Count and Total Size by File Type

Joe WinogradDeveloper
CERTIFIED EXPERT
50+ years in computers
EE FELLOW 2017 — first ever recipient of Fellow award
MVE 2015,2016,2018
CERTIFIED GOLD EXPERT
DISTINGUISHED EXPERT
Published:
Updated:
Edited by: Andrew Leniart
Article Update 13-March-2020: I removed the full source code and the code snippets. The article that remains should act as a "design roadmap" for members who want to write the code in the programming language of your choice. If you are interested in discussing the program further, please contact me via the EE message system.

INTRODUCTION

This article was inspired by a recent question here at Experts Exchange. In response to that, I wrote a "quick-and-dirty" script that performs the function requested by the Original Poster, but it has numerous shortcomings. This article describes a major revision of that script, which addresses the shortcomings in the original one.

PROBLEM DESCRIPTION

The objective is to report a count of the files, for each file type (file extension), in a folder and all of its subfolders. In addition, the report should contain the total size of all files for each file type. Example:


  SOLUTION

I wrote the original "quick-and-dirty" script in AutoHotkey, an excellent (free!) programming/scripting language. The quick explanation for installing AutoHotkey is to visit its website. A more comprehensive explanation is to read my EE article, AutoHotkey - Getting Started. After installation, AutoHotkey will own the AHK file type, supporting the solution discussed in the remainder of this article.

The new script improves upon the previous one in the following ways:

o  The original script hard-codes the name of the source folder. The new script provides a standard Windows "Browse for Folder" dialog that allows the user to navigate to the folder (or type or copy/paste the folder name).

o  The original script saves the results in the same file, so the results are not preserved across multiple executions, unless the user manually saves the file. The new script saves the results in a file with the date and time of execution (including seconds) in the file name (yyyy-MM-dd_HH.mm.ss), so there are never duplicate or overwritten results files.

o  The original script saves the results in a simple text file. The new script saves the results in a CSV file that may be easily loaded into Excel for additional processing – sorting, formatting, printing, whatever.

o  The original script stores the results file in the source base folder. The new script stores the results file in the same folder where the script is located – a better choice. I considered allowing the user to select the folder (and even the file name), but decided not to complicate the process of entering parameters for the run.

o  The original script always includes subfolders. The new script provides an option to include or exclude subfolders.

o  The original script does no error checking. The new script does extensive error checking.
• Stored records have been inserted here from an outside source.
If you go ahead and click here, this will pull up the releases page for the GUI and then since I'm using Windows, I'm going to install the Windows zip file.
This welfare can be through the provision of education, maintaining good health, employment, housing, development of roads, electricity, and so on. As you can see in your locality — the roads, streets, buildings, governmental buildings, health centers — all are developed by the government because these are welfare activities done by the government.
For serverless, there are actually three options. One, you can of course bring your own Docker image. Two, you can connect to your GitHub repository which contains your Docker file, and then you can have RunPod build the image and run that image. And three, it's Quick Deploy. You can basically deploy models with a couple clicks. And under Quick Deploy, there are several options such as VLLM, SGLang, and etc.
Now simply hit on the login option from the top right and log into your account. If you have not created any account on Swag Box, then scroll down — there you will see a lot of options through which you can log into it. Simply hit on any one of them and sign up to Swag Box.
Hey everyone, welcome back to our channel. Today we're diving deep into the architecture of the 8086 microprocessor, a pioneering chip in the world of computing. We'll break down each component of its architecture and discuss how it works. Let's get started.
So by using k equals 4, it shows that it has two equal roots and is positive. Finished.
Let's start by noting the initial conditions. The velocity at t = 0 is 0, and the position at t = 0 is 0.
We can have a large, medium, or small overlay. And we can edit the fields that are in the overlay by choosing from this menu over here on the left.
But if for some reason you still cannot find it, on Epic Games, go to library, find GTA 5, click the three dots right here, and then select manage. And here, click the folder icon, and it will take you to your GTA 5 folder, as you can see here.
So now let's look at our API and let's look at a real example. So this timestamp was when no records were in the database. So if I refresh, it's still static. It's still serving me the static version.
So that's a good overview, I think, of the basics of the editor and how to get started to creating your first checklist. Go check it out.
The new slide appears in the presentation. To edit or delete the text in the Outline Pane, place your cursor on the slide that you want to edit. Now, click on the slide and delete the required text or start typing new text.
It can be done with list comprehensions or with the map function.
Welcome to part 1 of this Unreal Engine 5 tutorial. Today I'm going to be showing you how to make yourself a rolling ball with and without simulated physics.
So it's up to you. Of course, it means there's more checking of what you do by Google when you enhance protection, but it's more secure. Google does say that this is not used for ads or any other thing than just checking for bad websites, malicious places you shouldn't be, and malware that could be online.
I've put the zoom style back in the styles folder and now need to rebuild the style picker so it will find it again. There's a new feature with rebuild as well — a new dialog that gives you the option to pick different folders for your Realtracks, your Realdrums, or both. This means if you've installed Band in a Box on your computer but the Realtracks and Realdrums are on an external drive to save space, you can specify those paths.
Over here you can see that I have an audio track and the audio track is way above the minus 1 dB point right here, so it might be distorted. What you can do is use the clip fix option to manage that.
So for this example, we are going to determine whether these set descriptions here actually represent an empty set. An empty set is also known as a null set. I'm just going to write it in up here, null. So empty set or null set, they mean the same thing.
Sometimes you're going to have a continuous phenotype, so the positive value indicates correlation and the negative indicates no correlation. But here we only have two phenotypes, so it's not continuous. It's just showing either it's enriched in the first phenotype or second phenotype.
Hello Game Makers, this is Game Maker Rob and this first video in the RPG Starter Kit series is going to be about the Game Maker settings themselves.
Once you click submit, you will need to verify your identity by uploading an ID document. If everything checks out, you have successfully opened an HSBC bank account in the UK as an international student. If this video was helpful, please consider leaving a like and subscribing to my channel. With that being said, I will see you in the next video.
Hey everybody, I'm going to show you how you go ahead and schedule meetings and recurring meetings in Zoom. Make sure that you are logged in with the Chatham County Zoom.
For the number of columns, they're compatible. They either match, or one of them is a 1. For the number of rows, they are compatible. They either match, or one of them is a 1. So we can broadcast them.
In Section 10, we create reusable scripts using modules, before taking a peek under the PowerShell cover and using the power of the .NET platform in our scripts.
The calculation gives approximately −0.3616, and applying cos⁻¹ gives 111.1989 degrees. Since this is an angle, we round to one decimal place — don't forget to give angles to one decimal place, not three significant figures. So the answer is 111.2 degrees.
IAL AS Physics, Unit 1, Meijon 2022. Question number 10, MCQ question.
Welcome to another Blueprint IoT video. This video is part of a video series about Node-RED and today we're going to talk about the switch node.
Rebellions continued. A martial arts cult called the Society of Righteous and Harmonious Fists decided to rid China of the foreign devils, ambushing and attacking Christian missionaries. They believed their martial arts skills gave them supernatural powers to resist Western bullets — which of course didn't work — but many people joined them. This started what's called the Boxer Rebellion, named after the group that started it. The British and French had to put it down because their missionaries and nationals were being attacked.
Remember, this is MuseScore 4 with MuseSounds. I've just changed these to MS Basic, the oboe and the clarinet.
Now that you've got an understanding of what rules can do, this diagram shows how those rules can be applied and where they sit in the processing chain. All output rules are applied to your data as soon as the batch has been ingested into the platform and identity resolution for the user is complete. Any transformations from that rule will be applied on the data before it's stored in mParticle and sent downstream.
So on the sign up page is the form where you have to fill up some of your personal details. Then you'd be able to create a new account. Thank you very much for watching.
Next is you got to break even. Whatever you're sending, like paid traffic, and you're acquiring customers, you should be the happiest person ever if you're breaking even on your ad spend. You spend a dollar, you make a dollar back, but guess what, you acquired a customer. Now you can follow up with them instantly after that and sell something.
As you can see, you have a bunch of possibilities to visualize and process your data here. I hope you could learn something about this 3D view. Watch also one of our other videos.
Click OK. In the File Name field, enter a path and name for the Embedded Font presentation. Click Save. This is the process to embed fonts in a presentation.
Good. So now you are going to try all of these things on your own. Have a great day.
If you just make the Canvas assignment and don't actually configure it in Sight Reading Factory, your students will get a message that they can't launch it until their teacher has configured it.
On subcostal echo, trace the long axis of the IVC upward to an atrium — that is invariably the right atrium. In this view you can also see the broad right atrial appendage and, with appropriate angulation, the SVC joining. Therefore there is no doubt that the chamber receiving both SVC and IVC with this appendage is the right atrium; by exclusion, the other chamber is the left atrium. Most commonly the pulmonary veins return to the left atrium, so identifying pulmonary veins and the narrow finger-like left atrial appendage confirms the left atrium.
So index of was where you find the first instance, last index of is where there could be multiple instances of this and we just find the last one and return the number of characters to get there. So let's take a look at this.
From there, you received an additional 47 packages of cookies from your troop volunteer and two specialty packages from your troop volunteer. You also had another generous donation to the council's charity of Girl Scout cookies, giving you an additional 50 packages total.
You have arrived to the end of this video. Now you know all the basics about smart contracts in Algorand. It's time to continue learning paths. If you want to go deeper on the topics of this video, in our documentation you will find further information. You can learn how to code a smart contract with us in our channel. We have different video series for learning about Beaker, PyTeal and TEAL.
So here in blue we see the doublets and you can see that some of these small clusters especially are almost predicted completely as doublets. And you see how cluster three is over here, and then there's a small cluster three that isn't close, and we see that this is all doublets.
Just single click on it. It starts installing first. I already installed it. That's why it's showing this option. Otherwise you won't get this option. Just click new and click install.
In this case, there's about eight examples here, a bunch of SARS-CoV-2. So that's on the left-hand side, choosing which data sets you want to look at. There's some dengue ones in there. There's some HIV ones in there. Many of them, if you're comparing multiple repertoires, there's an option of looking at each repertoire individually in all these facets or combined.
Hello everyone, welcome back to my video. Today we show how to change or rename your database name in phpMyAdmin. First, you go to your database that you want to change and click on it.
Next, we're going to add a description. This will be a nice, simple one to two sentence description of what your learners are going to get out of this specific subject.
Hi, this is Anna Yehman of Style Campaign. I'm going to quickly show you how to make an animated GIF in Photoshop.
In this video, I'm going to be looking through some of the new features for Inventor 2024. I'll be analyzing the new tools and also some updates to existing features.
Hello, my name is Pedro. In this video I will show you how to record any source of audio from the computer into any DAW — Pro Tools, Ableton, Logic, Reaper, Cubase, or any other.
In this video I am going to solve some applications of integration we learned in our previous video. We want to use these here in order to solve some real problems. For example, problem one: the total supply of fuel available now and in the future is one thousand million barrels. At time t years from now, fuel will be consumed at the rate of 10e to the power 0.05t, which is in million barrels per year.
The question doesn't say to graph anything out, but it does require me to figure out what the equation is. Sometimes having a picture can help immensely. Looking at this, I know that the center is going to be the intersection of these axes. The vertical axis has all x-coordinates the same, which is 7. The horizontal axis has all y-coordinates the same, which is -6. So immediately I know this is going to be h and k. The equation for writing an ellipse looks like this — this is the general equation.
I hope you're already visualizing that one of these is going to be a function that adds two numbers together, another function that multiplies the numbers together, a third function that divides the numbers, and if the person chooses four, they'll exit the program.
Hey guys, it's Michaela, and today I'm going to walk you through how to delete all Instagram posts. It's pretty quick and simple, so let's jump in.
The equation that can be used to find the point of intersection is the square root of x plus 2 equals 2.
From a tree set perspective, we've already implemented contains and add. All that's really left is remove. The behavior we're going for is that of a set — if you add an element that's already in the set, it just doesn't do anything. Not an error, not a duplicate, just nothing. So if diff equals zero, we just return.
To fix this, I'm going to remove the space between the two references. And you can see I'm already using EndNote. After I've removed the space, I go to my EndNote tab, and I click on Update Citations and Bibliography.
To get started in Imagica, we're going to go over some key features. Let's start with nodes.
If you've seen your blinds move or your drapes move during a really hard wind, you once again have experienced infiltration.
o  The original script terminates with a runtime error if there is a file type that contains a character which is invalid in AutoHotkey variable names (see the GOOD NEWS AND BAD NEWS section below). The new script executes properly when these file types are present.

HOW TO RUN THIS SCRIPT

Download the attached file called Counts-and-Sizes.ahk and simply double-click on it in Windows/File Explorer or whatever file manager you use. Since its file type is AHK, AutoHotkey will be launched to process it. If you prefer, the file may be turned into an executable via the AutoHotkey compiler, which is installed during the standard installation of AutoHotkey. If you right-click on an AHK file in Windows Explorer or whatever file manager you use, there will be a context menu pick called Compile Script:


Select that menu item and it will create an EXE file, which is a stand-alone/no-install executable of the AHK script.

HOW THE SCRIPT WORKS

For those interested in understanding how the script works, the remainder of this article shows code snippets, with a description of what each snippet does, including screenshots where appropriate (this also acts as a form of documentation for the script).

Code snippet:
 
removed
What it does: The #Warn statement provides a warning when a variable is read without having been initialized or assigned a value. The SetBatchLines statement sets the script to run at maximum speed, i.e., no "sleeping" will occur in the script.

Code snippet:
 
removed
What it does: Asks the user to enter the full path of the source folder:


It allows the user to navigate/browse to it or type/paste it in. It looks for an ending backslash on the path name and if one was not entered, it appends one (in other words, it works whether or not the user includes the ending backslash in the path). It then checks to see if a source folder was entered, and if so, if the folder exists. If either is not true, it gives the user the opportunity to exit or continue. Note: whether or not the source folder can be reported as null with the Browse For Folder dialog depends on the operating system, so the code checks for it. When the source folder is obtained, it creates a variable with the source files by appending *.* to the source folder.

Code snippet:
 
removed
What it does: Asks if the user wants to include subfolders:

Code snippet:
 
removed
What it does: Creates a file name to store the results. It includes the date and time to the second (ss), so there can never be a duplicate file name. It stores the file in the same folder where the script is located.

Code snippet:
 
removed
What it does: Initializes some variables for the first loop through the files. The BadVarName variables are discussed in the GOOD NEWS AND BAD NEWS section later in this article.

Code snippet:
 
removed
What it does: The script makes three loops through the folders/files. This is the first. Its purpose is to detect all of the file types and create/initialize a dynamic variable for each file type to store its count and size. This is discussed in detail in the GOOD NEWS AND BAD NEWS section.

Code snippet:
 
removed
What it does: This is the second loop through the folders/files. Since a dynamic variable for each file type was created/initialized in the first loop, this loop utilizes those variables by incrementing the count and size for each file found.

Code snippet:
 
removed
What it does: Initializes some variables for the third loop. Writes out the header row for the Comma Separated Variable (CSV) results file, terminating with a fatal error if the append (write) operation gives a non-zero return code. The header looks like one of these two lines, depending on the choice of including/excluding subfolders:

File Type,Count,Size(bytes),Folder=D:\BaseFolder\ (with subfolders)
File Type,Count,Size(bytes),Folder=D:\BaseFolder\ (without subfolders)

Code snippet:
 
removed
What it does: The is the third and final loop through the folders/files. It appends a line to the CSV results file for each file type with its count and size (the OutputFlag variable ensures that only one line is appended for each file type), terminating with a fatal error if the append (write) operation gives a non-zero return code.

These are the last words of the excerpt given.